Aim of the exercise >> The result should be the lines from the one holding "Collier Collier Chaîne" to the end of the records below, repeated exactly. No pictures.

Captioned web image data >>
+ + + +

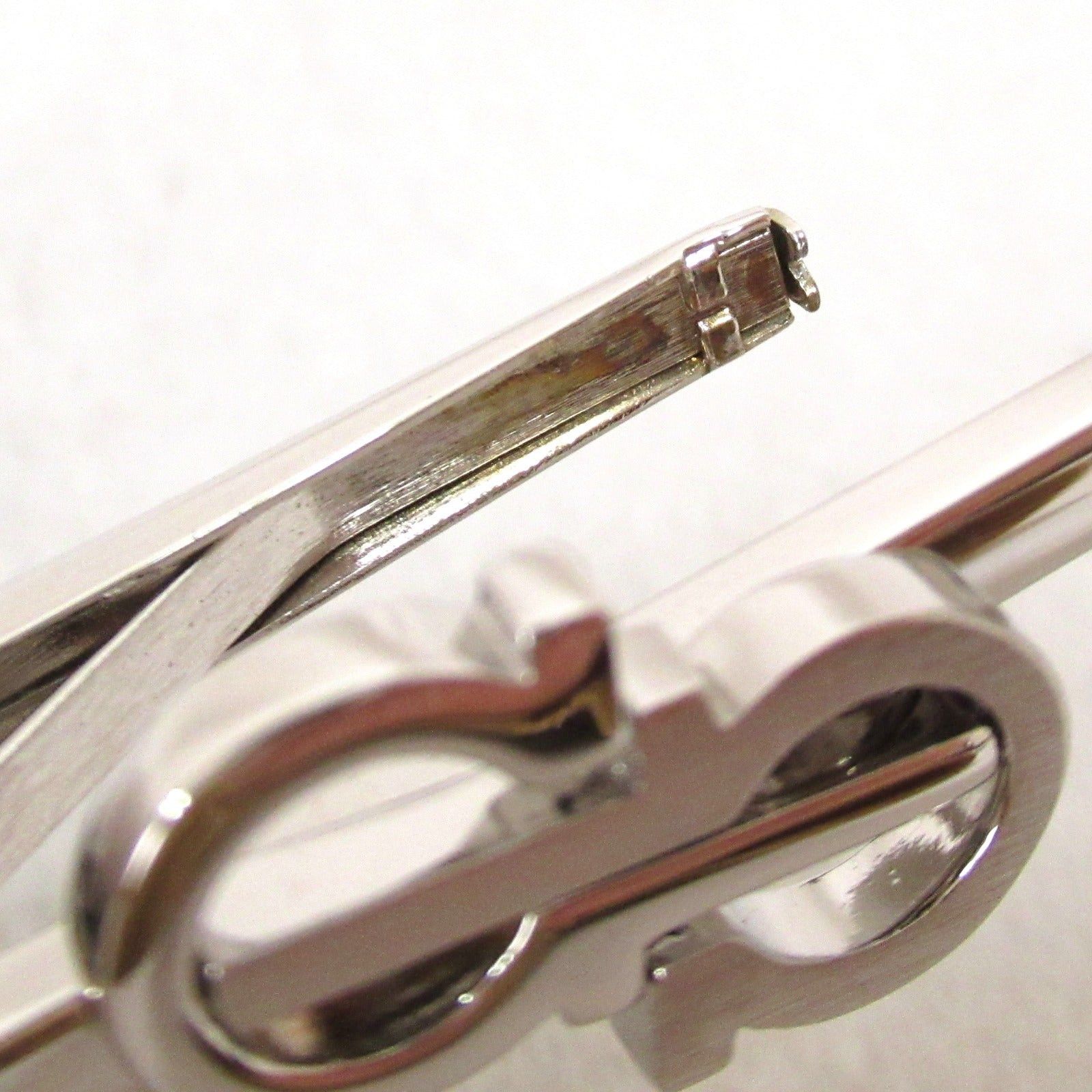 Salvatore Ferragamo Salvatore Ferragamo Necktie Pin Tie Others Brass Silver Size ONE SIZE - 4 Thumbnail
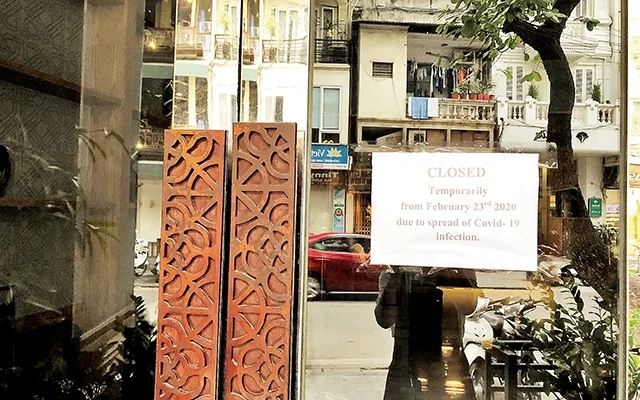 Khách sạn phố cổ Hà Nội đóng cửa vì dịch bệnh.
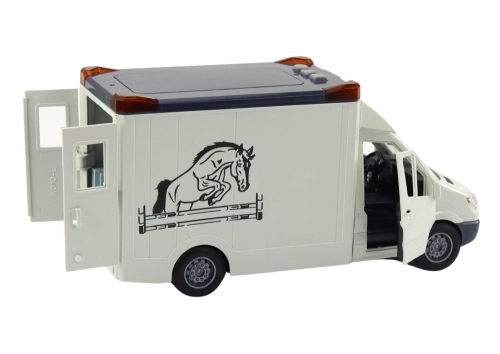 Horse Transporter Car Opening Doors Light Sound White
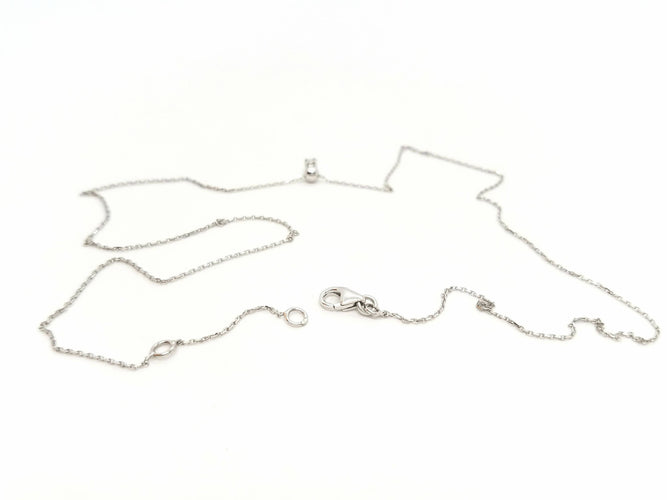 Collier Collier Chaîne + pendentif Or blanc Diamant 58 Facettes 579129RV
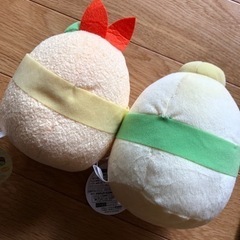 すみっコぐらし　レモンカラー　ぬいぐるみ　マスコットの画像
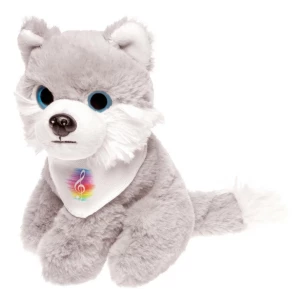 Lobo de peluche | Fang - Cinzento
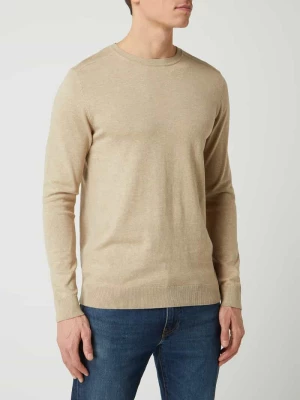 Sweter z bawełny pima model ‘Berg’ Selected Homme
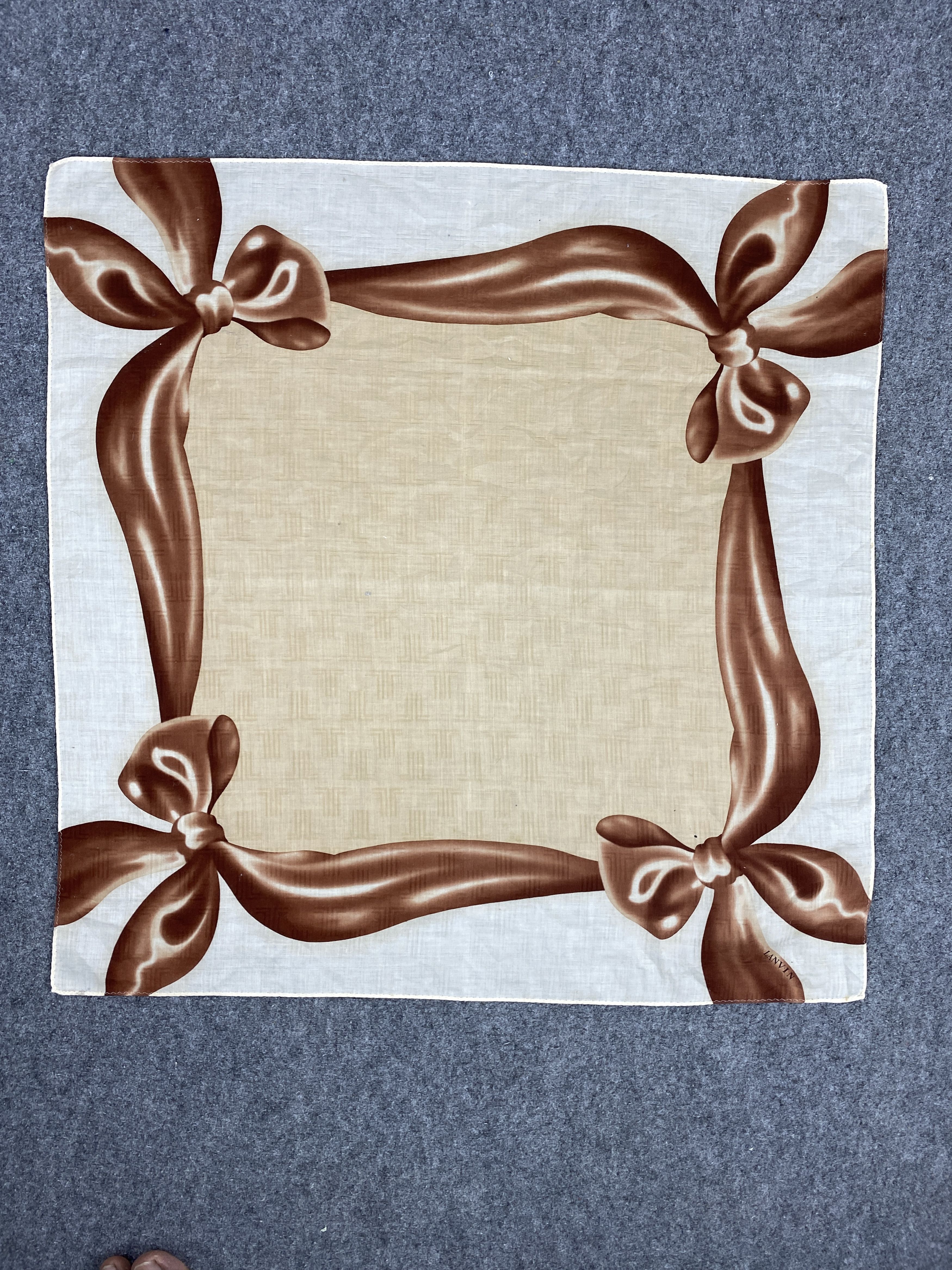 Lanvin Vintage Lanvin Handkerchief / Neckerchief KT0285 Size ONE SIZE - 5 Thumbnail
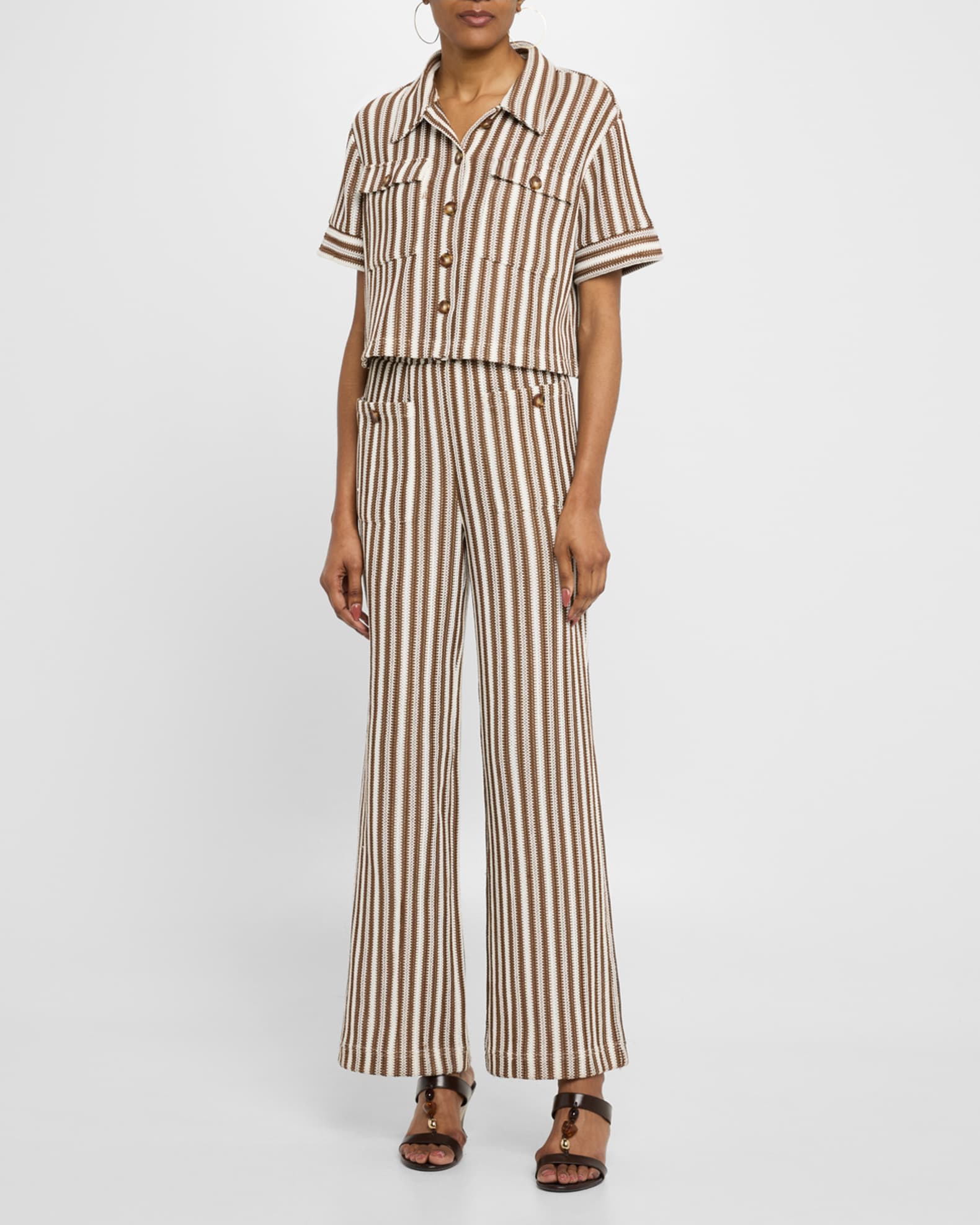 Bouvier Stripe Short-Sleeve Top  1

+ + + +

Reply >>
 Collier Collier Chaîne + pendentif Or blanc Diamant 58 Facettes 579129RV
 すみっコぐらし　レモンカラー　ぬいぐるみ　マスコットの画像
 Lobo de peluche | Fang - Cinzento
 Sweter z bawełny pima model ‘Berg’ Selected Homme
 Lanvin Vintage Lanvin Handkerchief / Neckerchief KT0285 Size ONE SIZE - 5 Thumbnail
 Bouvier Stripe Short-Sleeve Top  1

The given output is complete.